Vigilien

is there any any? nowhere known some?

Meine Fresse, sagte ich ergriffen zu den Wolken, denn da war es wieder. Den ganzen Tag lang schon hatte ich ein Gefühl hilfloser Freude gehabt und jetzt, als Schlieren in gelb und rot und gold über das Dach des Amtsgerichts zogen und eine ferne Harmonika eine mir unbekannte, stark synkopierte Melodie spielte – südamerikanisch? – war es wieder da; eine kühle Brise griff in mein Haar, fast fühlte ich ihre Finger, und der Moment verschmolz mit den anderen Momenten dieser Art, mit einem Abend am Fenster in einer engen südfranzösischen Gasse, mit einem Abend auf der Terrasse direkt hinterm Deich auf Fehmarn, mit einem Sonntagmittag auf einer Anhöhe im Schwäbischen und den anderen Momenten: Da war es wieder.

Wenn mich einer fragte: Was für einer bist du? Und ich müsste so eine Fänger-im-Roggen-Antwort geben, dann würde ich sagen: Ich bin der, der am offenen Fenster sitzt, liest und wartet auf das Geräusch des Schlüssels in der Tür; und während er sitzt und liest und wartet, lauscht er den Rufen und dem Lachen der Kartenspieler, irgendwo draußen in der Gasse, unsichtbar und fremd.
Oder ich würde sagen: Ich bin der, der im Park den Mädchen nachsieht, wie sie davongehen in ein Leben, in dem er nicht vorkommen wird, mit sanften Bewegungen ihrer weichen, verrückten Wirklichkeit, wie sie fröhlich und in Anmut an ihm vorbeigehen; ich bin auch der, der es versteht, ihre Grausamkeit zu nicht zu bemerken.

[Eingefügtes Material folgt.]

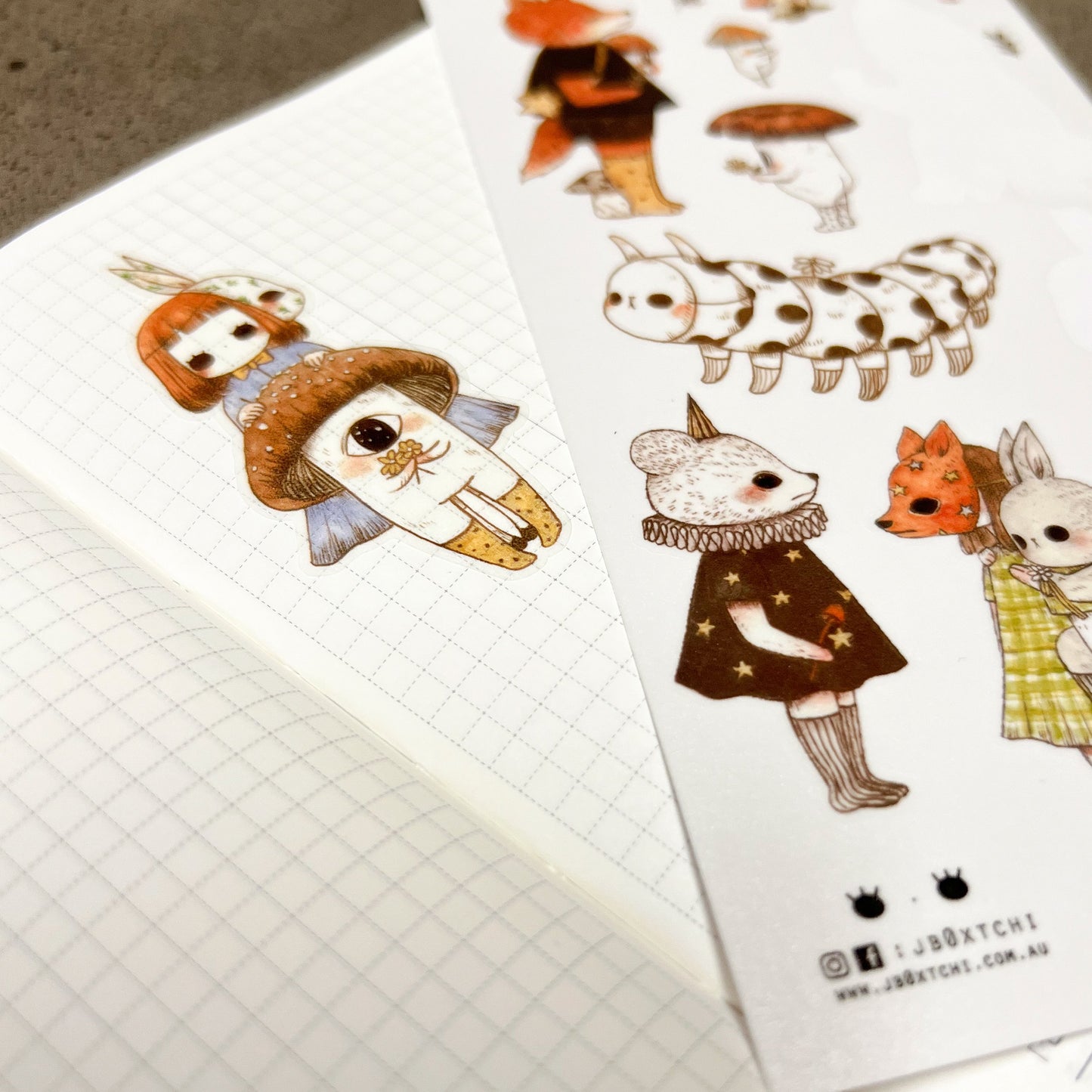 Mushroom Companions Washi Sticker Sheet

Wenn ich Sie jetzt nicht glauben gemacht habe, ein guter (oder bis zur Dummheit sentimentaler) Mensch zu sein, haben Sie kein Herz, lieber Leser (oder eine Abneigung gegen Kitsch).

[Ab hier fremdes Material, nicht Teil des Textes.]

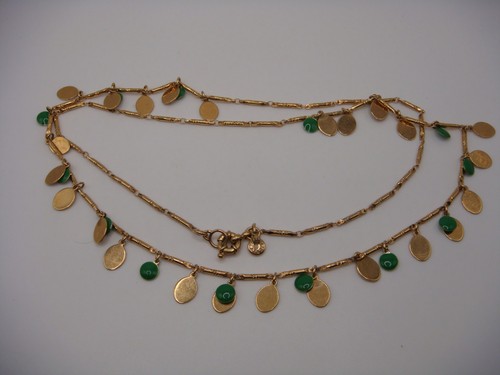 COSTUME J. CREW GOLD TONE NECKLACE GREEN ENAMEL COIN BEADS ESTATE - Picture 9 of 14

Link | 17. August 2004, 21 Uhr 02 | Kommentare (5)


5 Comments


Max Goldt zu Kitsch (in Las Vegas, „Kitsch“ und „Satire“, dass ich hier neulich auch schon zitierte: http://gig.antville.org/stories/860801/#891010):
(…) Entbehrlich ist allein der Begriff „Kitsch“ – eine Totschlagvokabel, die aufgrund semantischer Überlastung gar nichts mehr transportiert außer einer diffusen Überlegenheitsssehnsuht des Sprechers und daher geflissentlich gemieden werden sollte.

Kommentar by froschfilm | 17:07




Von einer noch viel diffuseren Überlegenheitssehnsucht zeugt es allerdings, dem Sprachgebrauch anderer eine diffuse Überlegenheitssehnsucht als Motiv zu unterstellen. Dieses Argument ist leider komplett rekursiv und folgt dem Muster „Das ist doch bloß so ein Gestus, mit dem Du mir unterstellst, meine Haltung sei Gestus. Hollahi-hollaho, ich bin aber objektiver!“

Und das Lamm sprach: „Hurz“.

Kommentar by spalanzani | 17:39




Nun ja, wenn man argumentiert, muss man doch behaupten, man wisse es besser. Dem Max-Goldt-Fazit geht übrigens noch eine knappe Seite im Text vorraus, die aber den Kommentarrahmen gesprengt hätte.
Ich bin übrigens gar nicht der Meinung, dass man „Kitsch“ als Begriff abschaffen sollte. Unsinnige (unscharfe) Begriffe wollten schon die logischen Positivsten abschaffen und sind kläglich gescheitert.
Mit „Kitsch“ müsste man ja auch „Kunst“ verbieten.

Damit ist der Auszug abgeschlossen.